Kürzester Weg: Mit der Telemedizin können Wartezeiten und der Aufwand für Arzt und Patient reduziert werden. Bild: dpa

In Usingen und Selters bieten zwei Hautarztpraxen Videosprechstunden an. Das erleichtert die Nachsorge für Ärzte und Patienten.

          Patienten können Hautärzte in Usingen und Selters jetzt auch im Internet aufsuchen. Es handelt sich nach Angaben der Techniker Krankenkasse (TK) um die ersten beiden Hautarztpraxen in Hessen, die eine Videosprechstunde anbieten. Möglich macht das ein Pilotprojekt der Kasse mit dem Bundesverband der Deutschen Dermatologen. Bundesweit nehmen daran mehr als 40 Praxen teil. „Dass sich Patienten durch die virtuelle Praxis lange Wege und Wartezeiten ersparen können, ist ein sinnvoller Schritt“, sagte die hessische TK-Leiterin Barbara Voß.

          Ingrid Karb

          Blattmacherin in der Rhein-Main-Zeitung.

          Nachdem Diagnose und Therapie persönlich in der Praxis besprochen worden sind, können Wiederholungstermine online erfolgen. Für die Nachkontrolle von Hautärzten reiche oft ein kurzer Blick und ein kurzes Gespräch, sagte Voß. Zur Videosprechstunde loggt sich der Patient zum vereinbarten Termin auf seinem Laptop oder Computer über die Website www.patientus.de/login mit einem persönlichen Zugangscode ein, den er von seinem Arzt erhalten hat. So gelangt er in das virtuelle Wartezimmer. Auf der anderen Seite sitzt der Arzt an seinem Bildschirm und ruft nacheinander die Patienten in seine virtuelle Praxis. Damit niemand überrascht wird, zeigt ein Zähler die letzten zehn Sekunden an, bevor es losgeht. Nach dem Gespräch trennt der Patient die Verbindung.

          Die Krankenkasse kann sich weitere Angebote vorstellen

          Für das telemedizinische Angebot ist keine zusätzliche Hard- oder Software nötig.
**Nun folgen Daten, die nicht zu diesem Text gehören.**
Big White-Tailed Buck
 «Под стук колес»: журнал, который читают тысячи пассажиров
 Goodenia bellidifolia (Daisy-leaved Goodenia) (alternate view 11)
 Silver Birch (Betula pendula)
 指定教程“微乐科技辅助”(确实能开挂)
Ein Computer mit Webcam und eine Internetverbindung reichen aus. Auch sind keine Installationen oder besondere Kenntnisse nötig. Die Datenübertragung erfolgt direkt zwischen den Computern, der Gesprächsteilnehmer und wird nicht auf einem Server gespeichert. Die TK kann sich weitere telemedizinische Projekte vorstellen.

          „Wir würden uns nach dem Vorbild Baden-Württembergs wünschen, in Modellversuchen auch Angebote auszuprobieren, bei denen schon der Erstkontakt zwischen Patient und Arzt per Telefon oder Internet erfolgt“, sagte Voß. Laut einer aktuellen Studie der Kasse zum Thema Internetnutzung kann sich ein Drittel der Befragten vorstellen, die Arztpraxis per Online-Chat zu kontaktieren. Zurzeit ist in der hessischen ärztlichen Berufsordnung allerdings festgelegt, dass sich Arzt und Patient das erste Mal unbedingt physisch treffen müssen.